─── Material provided ───

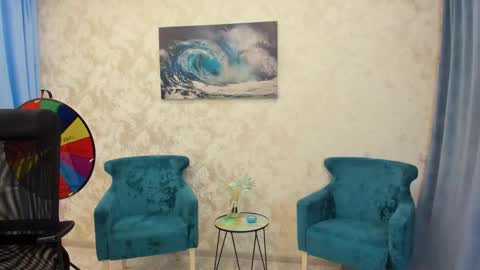 Chloe online show from 03.04.25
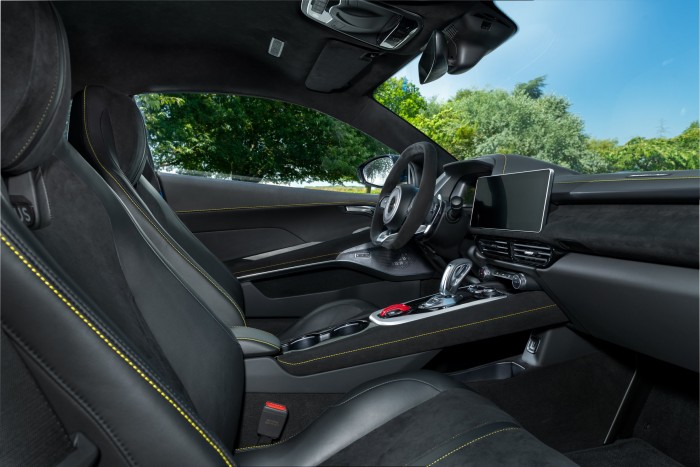 AMG-motort kapott az utolsó benzines Lotus 7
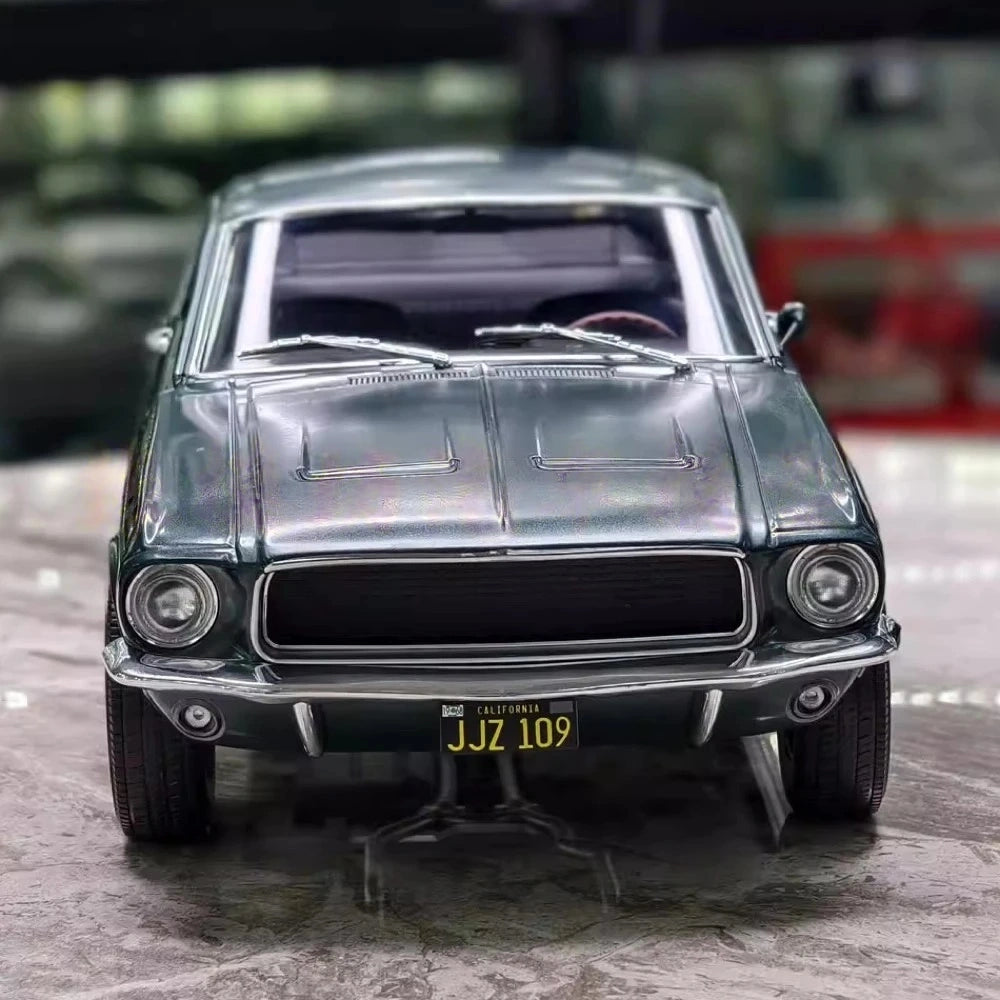 [Norev] 1:18 Ford 1968 Mustang Fastback Blue Model Car Die-Cast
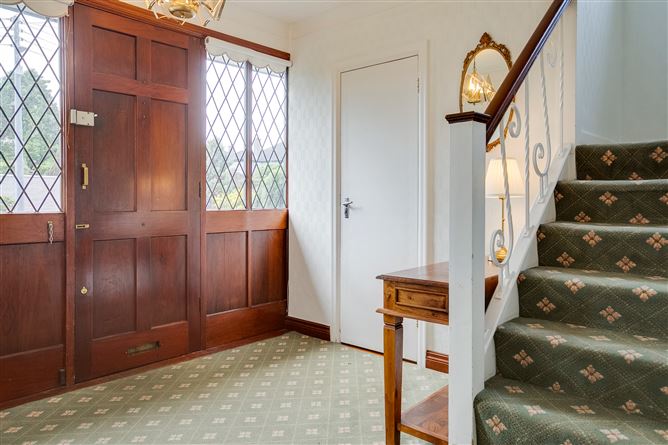 Linda Vistabh, 15 Edenbrook Park, Rathfarnham, Dublin 14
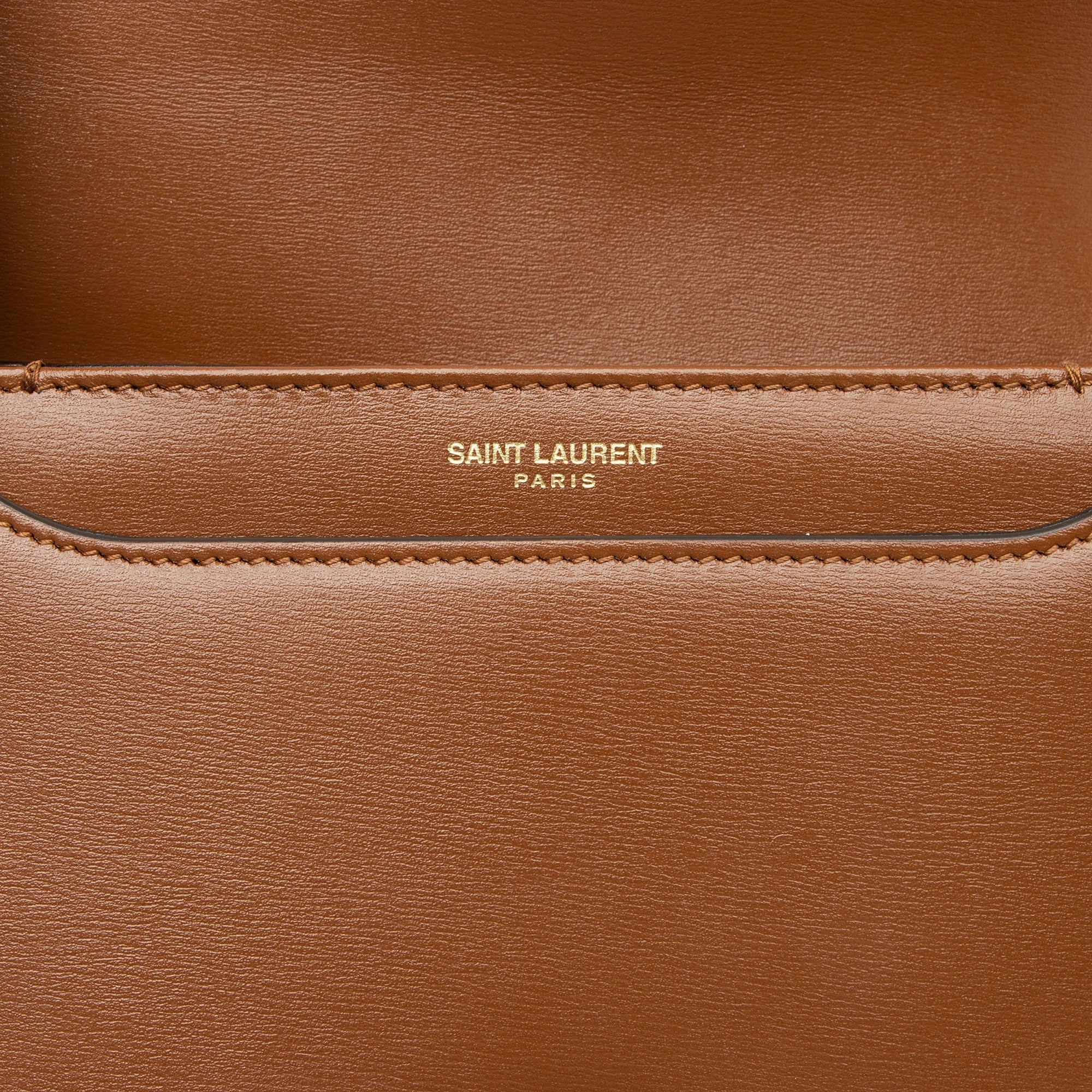 Saint Laurent Smooth Calfskin Monogram Le 61 Saddle Small Crossbody Bag (SHF-23810)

───

- _Exercise_
The copy should hold exactly the lines from the one containing "AMG-motort kapott az utolsó benzines Lotus 7" through the final line of the records above, both ends included, and no picture.

- _Response to this exercise_
 AMG-motort kapott az utolsó benzines Lotus 7
 [Norev] 1:18 Ford 1968 Mustang Fastback Blue Model Car Die-Cast
 Linda Vistabh, 15 Edenbrook Park, Rathfarnham, Dublin 14
 Saint Laurent Smooth Calfskin Monogram Le 61 Saddle Small Crossbody Bag (SHF-23810)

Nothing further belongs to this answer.